RECORDS Start Marker
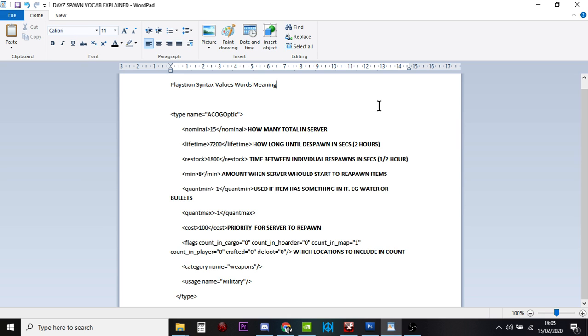Maybe people grab them and they put them on their guns or they bury them somewhere. So we've only got 10 now. So the server goes, okay, right, I need to spawn in another five.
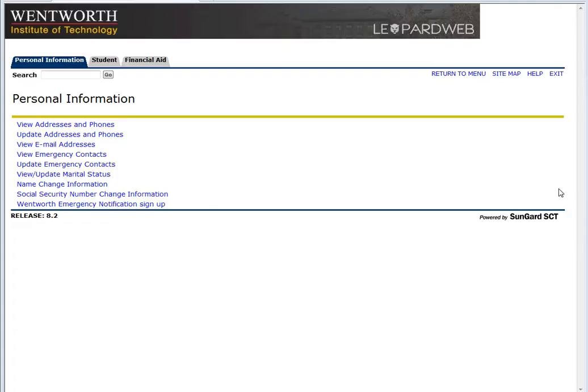The screen that you're seeing right now is when you log into your LConnect. You just want to click where it says LeopardWeb. It should take you to a screen that shows your personal information.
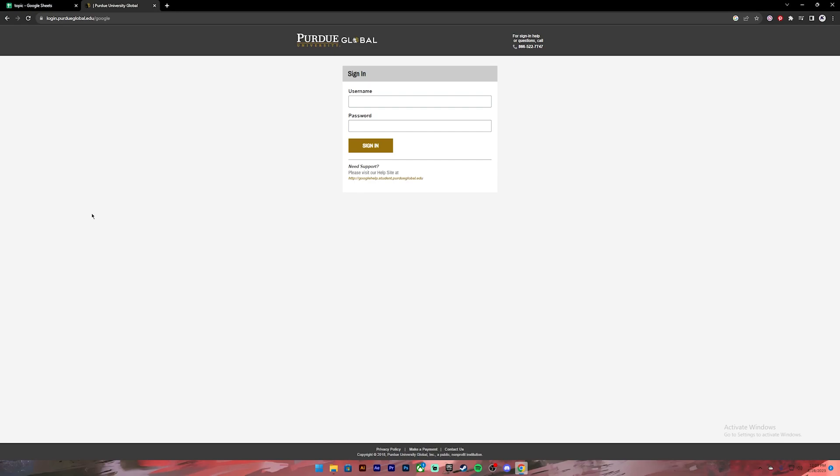On this page you will have to enter your username and your password. So go ahead and enter your username on the first box, then enter your password on the second one.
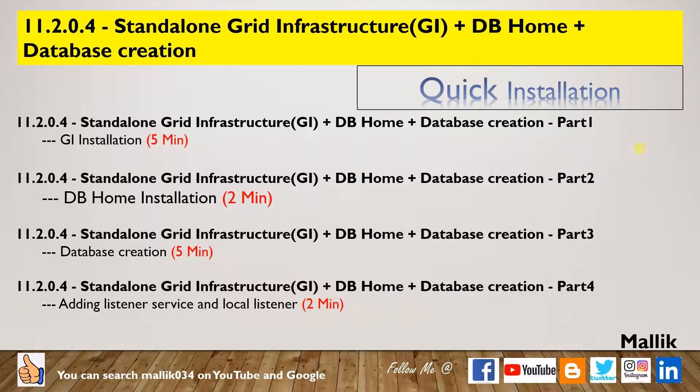Hello everyone, welcome to Malik034 channel. This is Malik Arjun. Today I'm going to show you a quick installation demonstration on 11.2.0.4 standalone grid infrastructure installation.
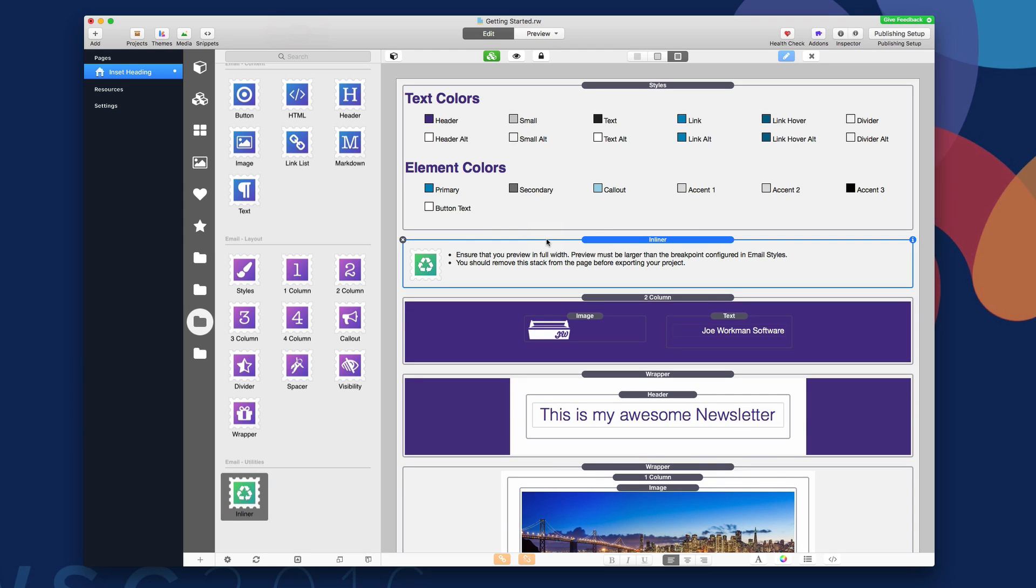Now this can be added anywhere on the page. It doesn't really matter. However, as it says here in the notes, if you are going to be publishing your email, make sure that this stack is not on the page. This stack is purely to generate the email HTML. And then once you're done, probably just delete it and remove it from the page.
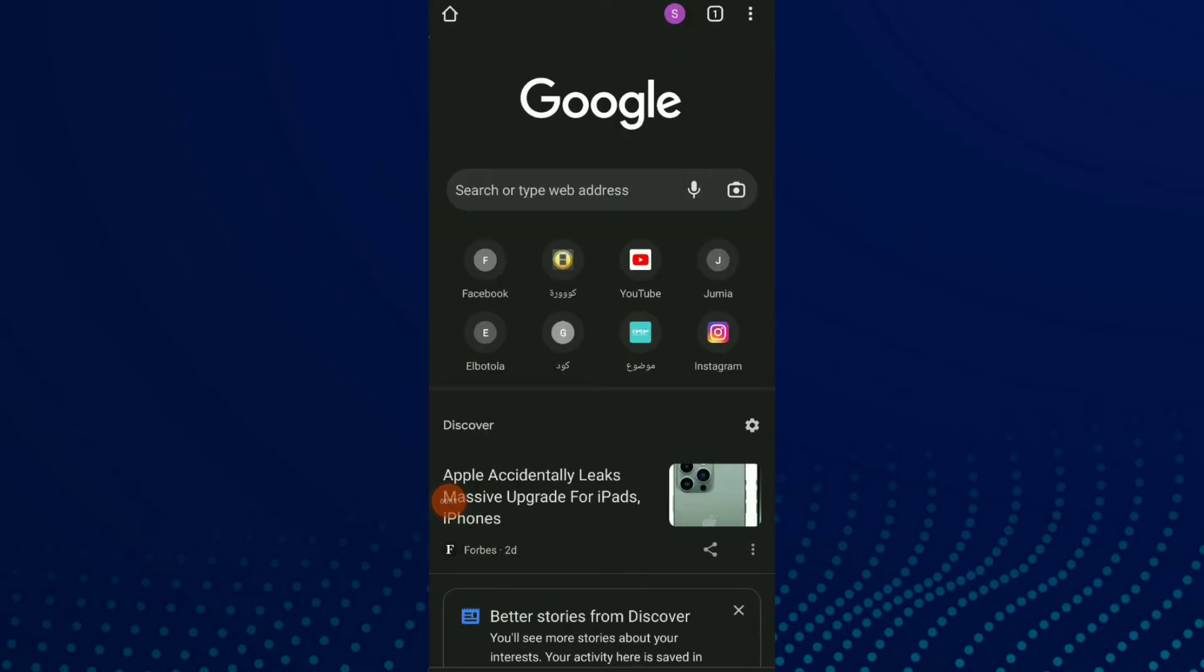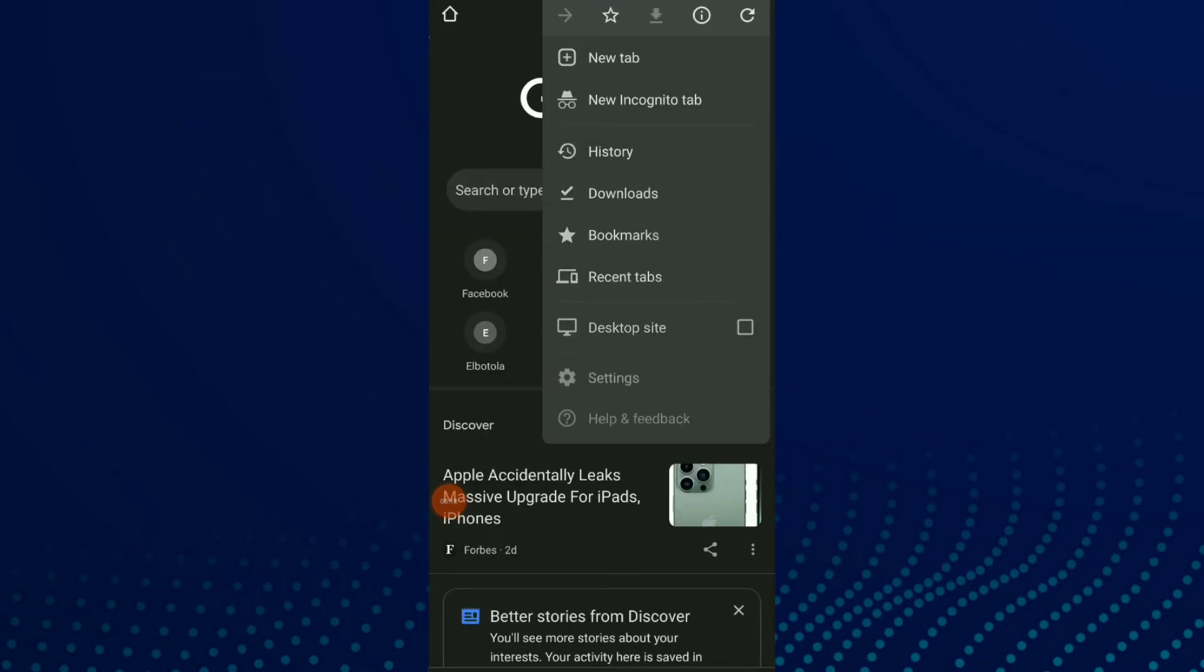Now click on those three points up there and click on Settings.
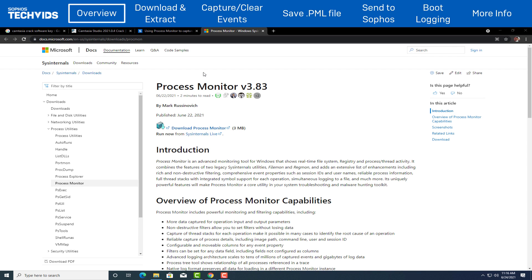There are two ways on gathering process monitor logs. First, gathering a normal process monitor log and second, gathering a boot process monitor log. Let's proceed first on gathering normal process monitor logs.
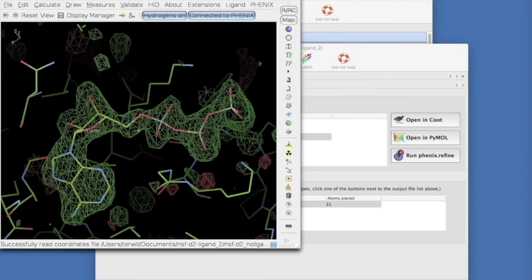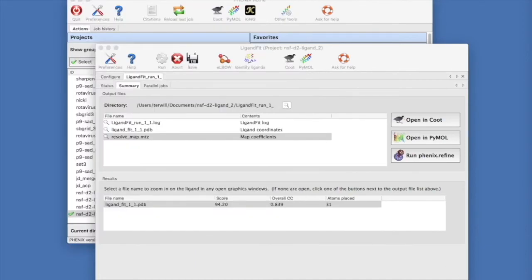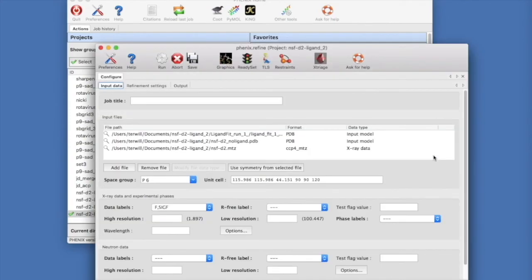Usually, the next step after ligand fitting will be to run refinement with the entire molecule and ligand. You can just click on the Run Phoenix Refine button, and the refinement run will be set up for you.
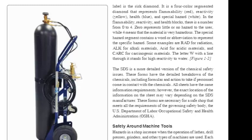These forms are necessary for a safe shop that meets all the requirements of the governing safety body: the U.S. Department of Labor, Occupational Safety and Health Administration, OSHA.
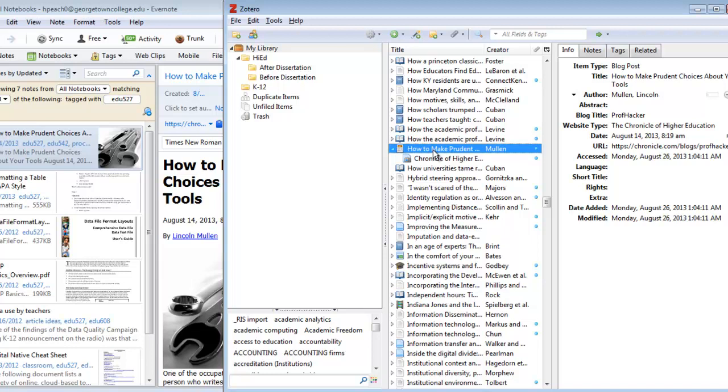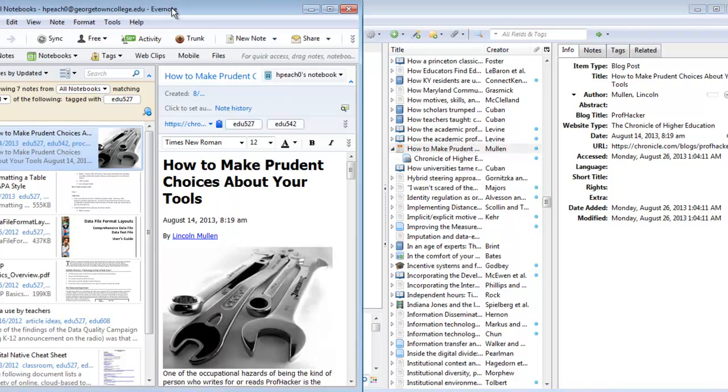I already have a citation to a Chronicle of Higher Education article stored in Zotero. In the left window, I have a captured copy of the web page.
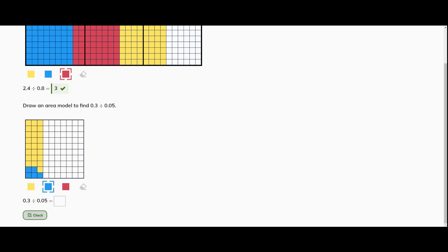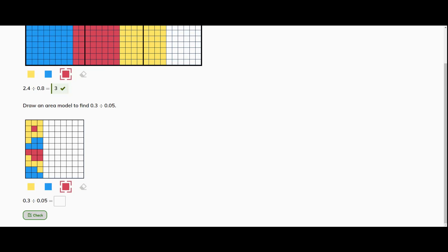I'm going to change it to red: one, two, three, four, five. Go back to blue: one, two, three, four, five. Let's count out the yellow: one, two, three, four, five. And then the red will be my last group: one, two, three, four, five hundredths.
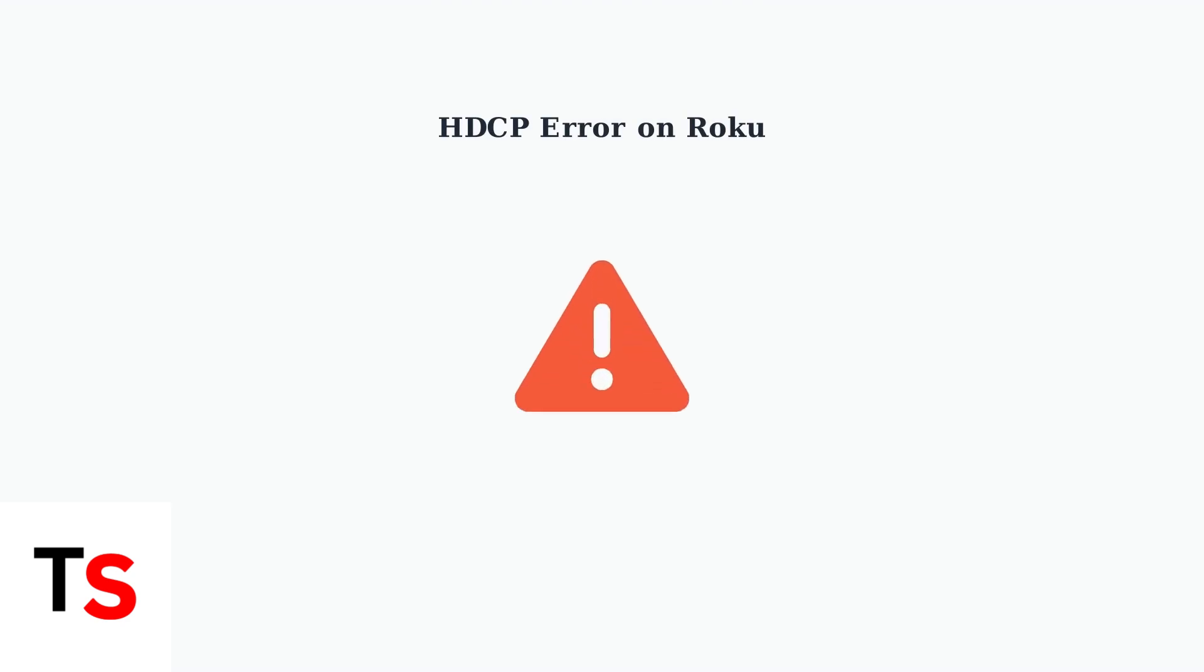HDCP errors on Roku devices are among the most frustrating streaming issues users encounter. These errors typically appear as a purple screen with an error message or display error code 020.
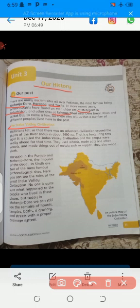Historians tell us that there was an advanced civilization around the plains of the river Indus in about 2600 before the common era — a long, long time ago. It is called the Indus Valley civilization. The people were really ahead for that time; they used wheels, made pots and other vessels, used things made of copper, and also used clothes. The main sites are Harappa in Punjab and Mohenjo Daro — meaning the mount of the dead — in Sindh, which are the two most famous archaeological sites.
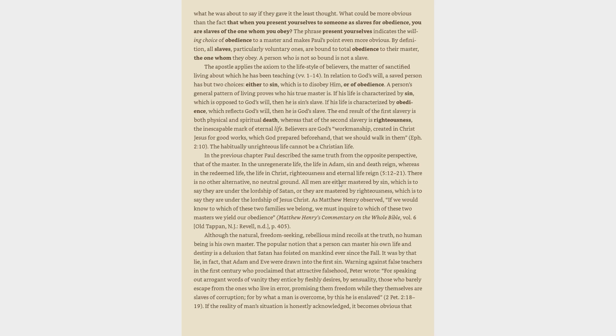The axiom: Do you not know that when you present yourselves to someone as slaves for obedience, you are slaves of the one whom you obey? An axiom is a general truth that is so self-evident it needs no proof. What could be more obvious than the fact that when you present yourselves as slaves for obedience, you are slaves of the one whom you obey?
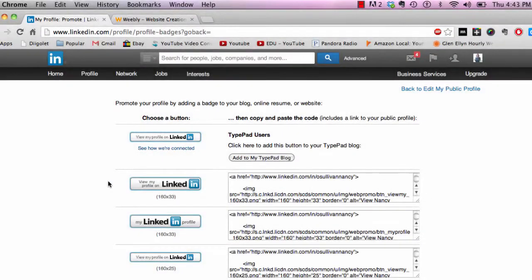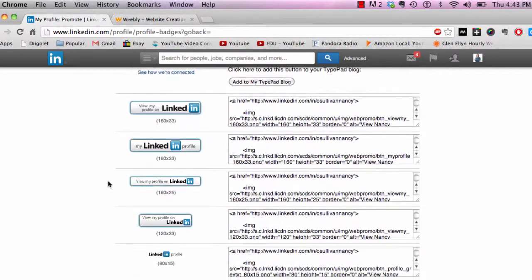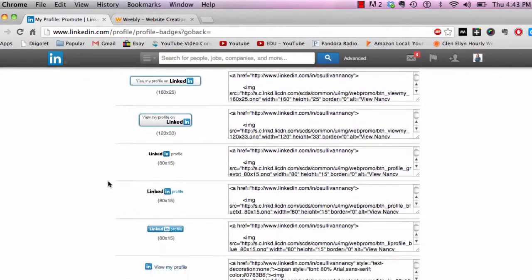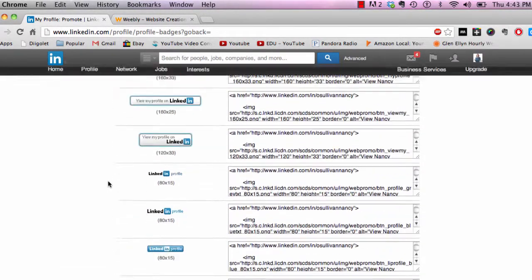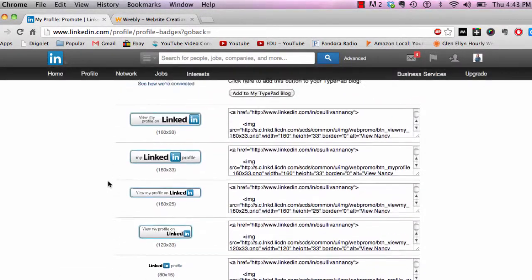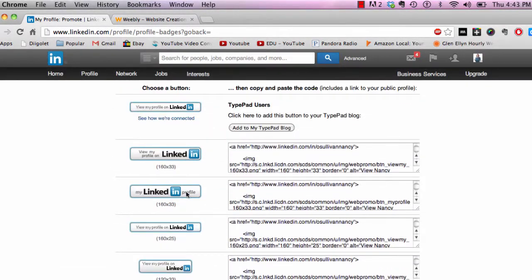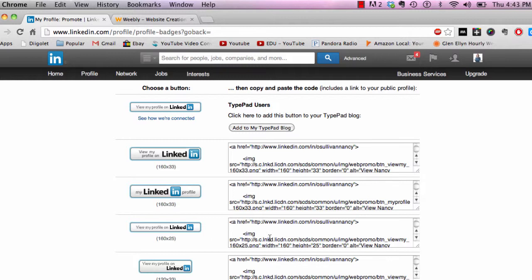From here, these are all the different types of badges, so just pick out the one you like. I kind of like the larger one here. The embed code is right across from each of these badges.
RECORDS End Marker
= REQUIREMENT =
None of the pictures should appear, though every line of the data above must be reproduced exactly.

= EXPECTED OUTPUT =
Maybe people grab them and they put them on their guns or they bury them somewhere. So we've only got 10 now. So the server goes, okay, right, I need to spawn in another five.
The screen that you're seeing right now is when you log into your LConnect. You just want to click where it says LeopardWeb. It should take you to a screen that shows your personal information.
On this page you will have to enter your username and your password. So go ahead and enter your username on the first box, then enter your password on the second one.
Hello everyone, welcome to Malik034 channel. This is Malik Arjun. Today I'm going to show you a quick installation demonstration on 11.2.0.4 standalone grid infrastructure installation.
Now this can be added anywhere on the page. It doesn't really matter. However, as it says here in the notes, if you are going to be publishing your email, make sure that this stack is not on the page. This stack is purely to generate the email HTML. And then once you're done, probably just delete it and remove it from the page.
Now click on those three points up there and click on Settings.
There are two ways on gathering process monitor logs. First, gathering a normal process monitor log and second, gathering a boot process monitor log. Let's proceed first on gathering normal process monitor logs.
Usually, the next step after ligand fitting will be to run refinement with the entire molecule and ligand. You can just click on the Run Phoenix Refine button, and the refinement run will be set up for you.
These forms are necessary for a safe shop that meets all the requirements of the governing safety body: the U.S. Department of Labor, Occupational Safety and Health Administration, OSHA.
I already have a citation to a Chronicle of Higher Education article stored in Zotero. In the left window, I have a captured copy of the web page.
I'm going to change it to red: one, two, three, four, five. Go back to blue: one, two, three, four, five. Let's count out the yellow: one, two, three, four, five. And then the red will be my last group: one, two, three, four, five hundredths.
HDCP errors on Roku devices are among the most frustrating streaming issues users encounter. These errors typically appear as a purple screen with an error message or display error code 020.
Historians tell us that there was an advanced civilization around the plains of the river Indus in about 2600 before the common era — a long, long time ago. It is called the Indus Valley civilization. The people were really ahead for that time; they used wheels, made pots and other vessels, used things made of copper, and also used clothes. The main sites are Harappa in Punjab and Mohenjo Daro — meaning the mount of the dead — in Sindh, which are the two most famous archaeological sites.
The axiom: Do you not know that when you present yourselves to someone as slaves for obedience, you are slaves of the one whom you obey? An axiom is a general truth that is so self-evident it needs no proof. What could be more obvious than the fact that when you present yourselves as slaves for obedience, you are slaves of the one whom you obey?
From here, these are all the different types of badges, so just pick out the one you like. I kind of like the larger one here. The embed code is right across from each of these badges.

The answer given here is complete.